Instructions to follow> Your answer must match, word for word, the lines from the one holding "Used 5c Nike Cool Grey Sneakers.." through the final line below, with pictures excluded.

Data extract>
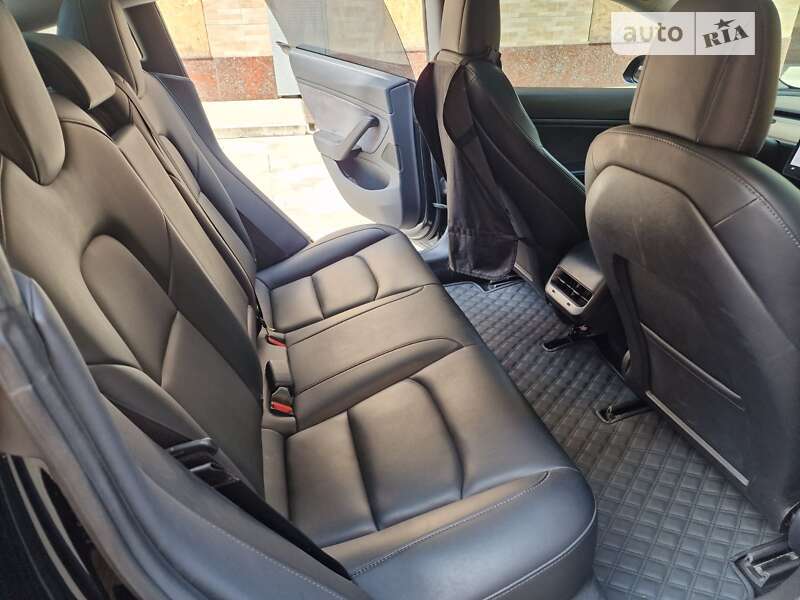 Седан Tesla Model 3 2018 в Дніпрі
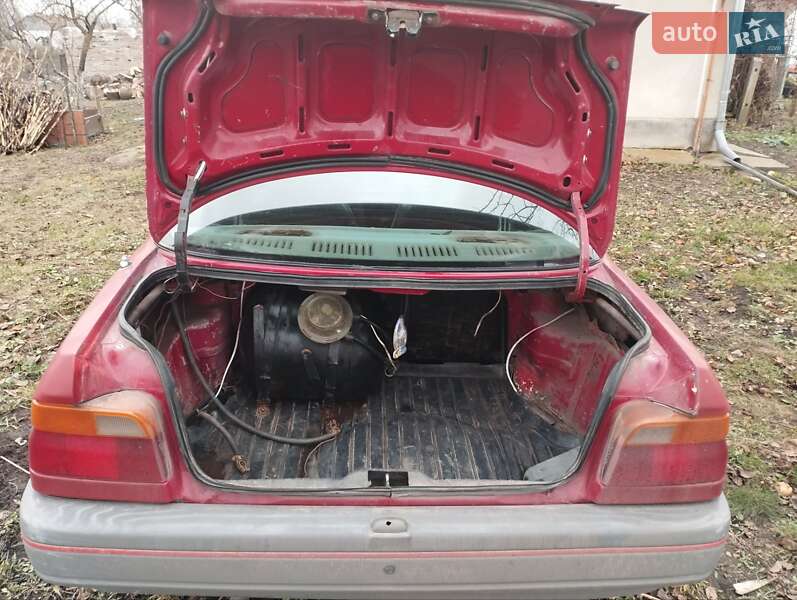 Седан Ford Orion 1991 в Волочиську фото 5 Седан Ford Orion 1991 в Волочиську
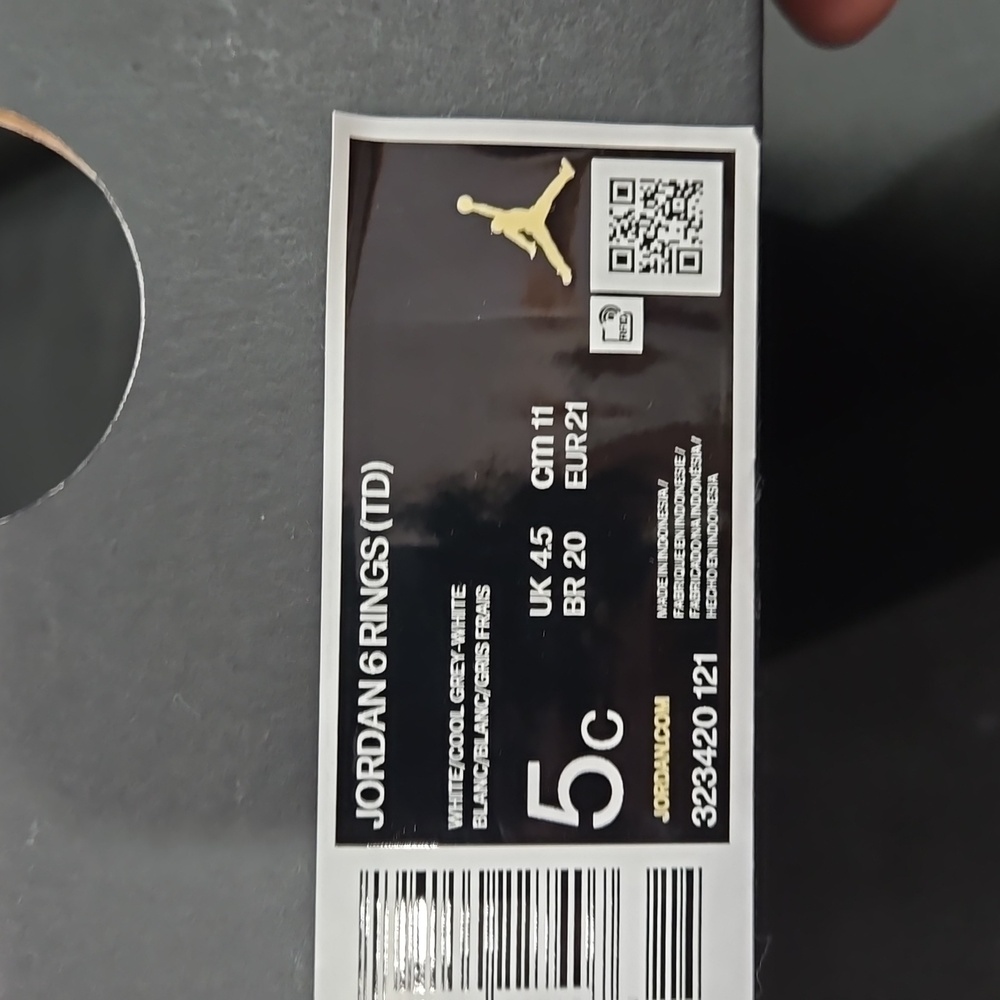 Used 5c Nike Cool Grey Sneakers..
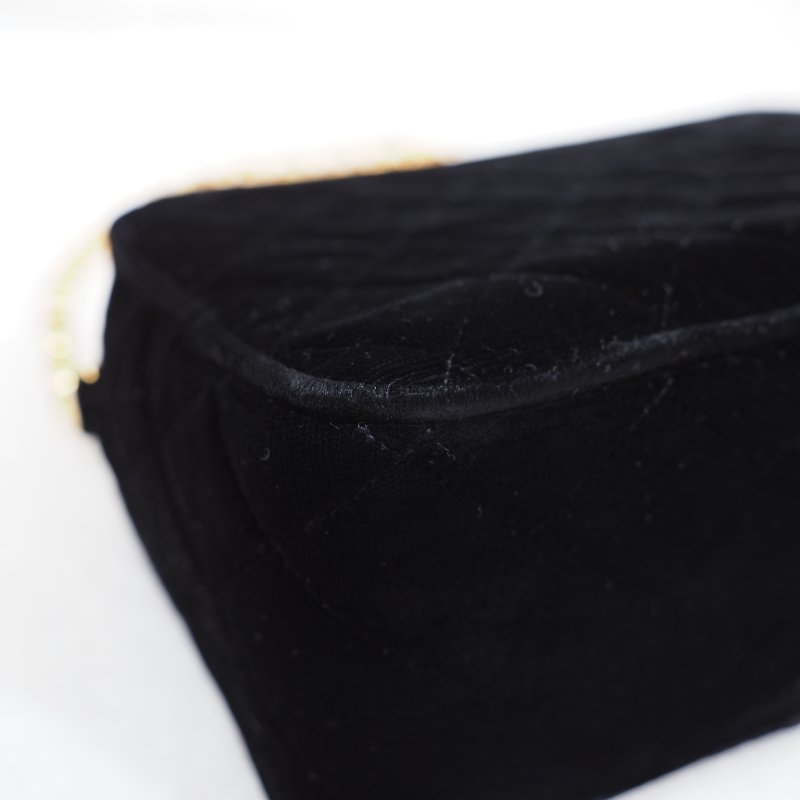 CHANEL 黑色金扣絲絨面相機包-9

Response area>
 Used 5c Nike Cool Grey Sneakers..
 CHANEL 黑色金扣絲絨面相機包-9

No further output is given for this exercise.